ETL is a database-centric collection of processes that involves…
Extract: Extracting data from external sources. Most data warehousing projects consolidate data from different source systems. Each separate system may also use a different data organization/format. Some may use relation database or flat files. In general, the goal of the extraction phase is to convert the data into a single format which is appropriate for transformation processing.
Transform: Transforming data to fit operational needs (which can include quality levels). The transformation stage applies to a series of rules or functions to the extracted data from the source to derive the data for loading into the end target. Some data sources will require very little or even no manipulation of data. This may include Joining, Sorting, applying aggregation, handling data quality issues, deriving new calculated values, generating surrogate-key values and many more.
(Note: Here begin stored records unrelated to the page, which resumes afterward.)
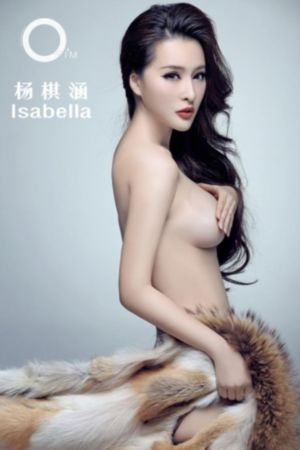 免费无遮挡黄h漫画羞羞漫画网站_720免费高清观看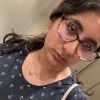 Lehar Aneja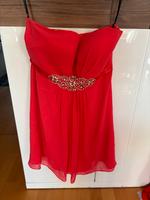 Abendkleid Vero Moda Größe 40 Kr. Dachau - Dachau Vorschau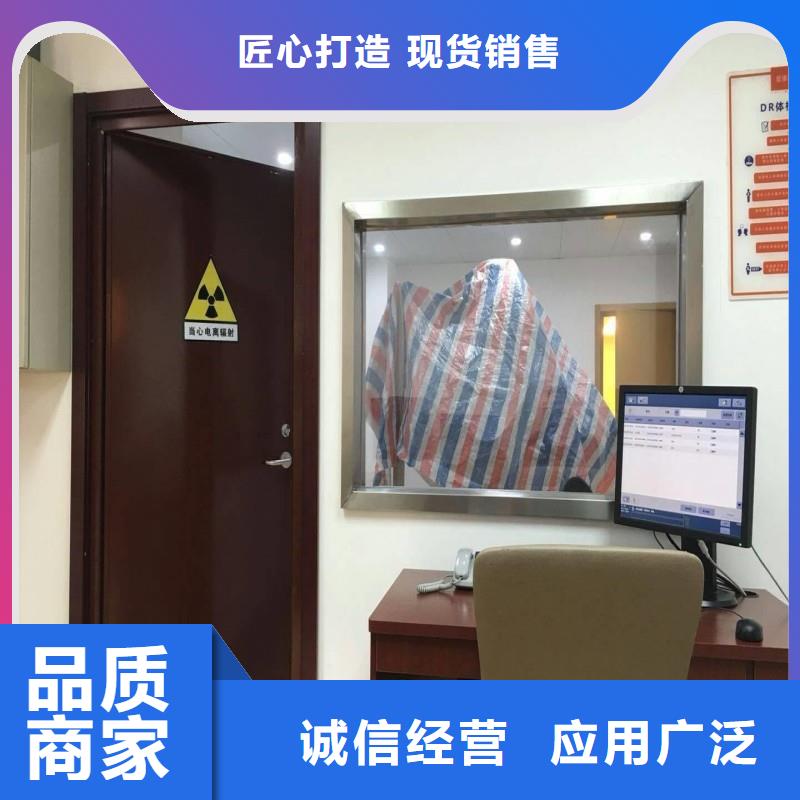 防护工程、防护工程厂家直销-库存充足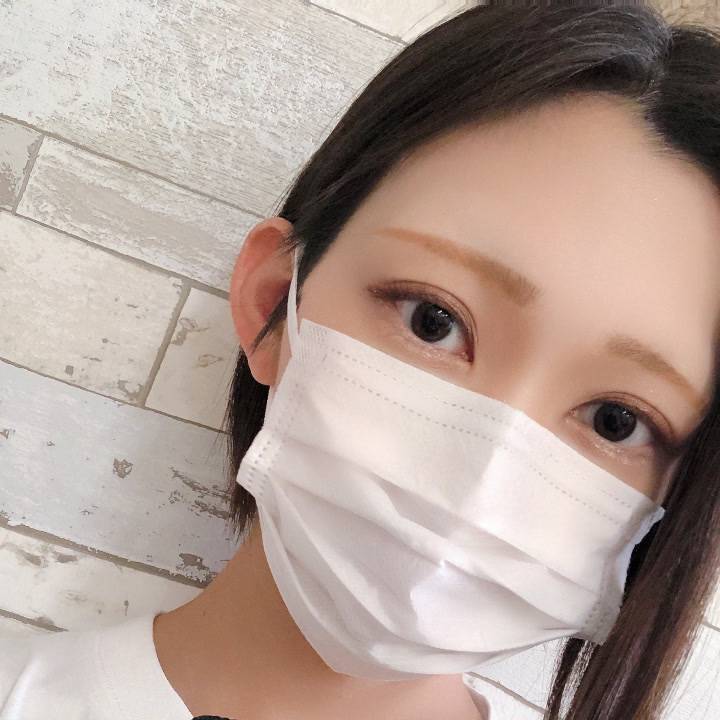 ごめんなさい🥺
Load: Loading data into the end target (database, more specifically, operational data store, data mart or data warehouse). The load phase loads the data into the end target, usually the data warehouse (DW). Depending on the requirements of the organization, this process varies widely. Some data warehouses may overwrite existing information with cumulative information, frequently updating extract data is done on daily, weekly or monthly basis. Other DW (or even other parts of the same DW) may add new data in historical form, for example, hourly.
Another way we can use ETL is to move information to another application permanently. For instance, the new application might use another database vendor and most likely a very different database schema. ETL can be used to transform the data into a format suitable for the new application to use.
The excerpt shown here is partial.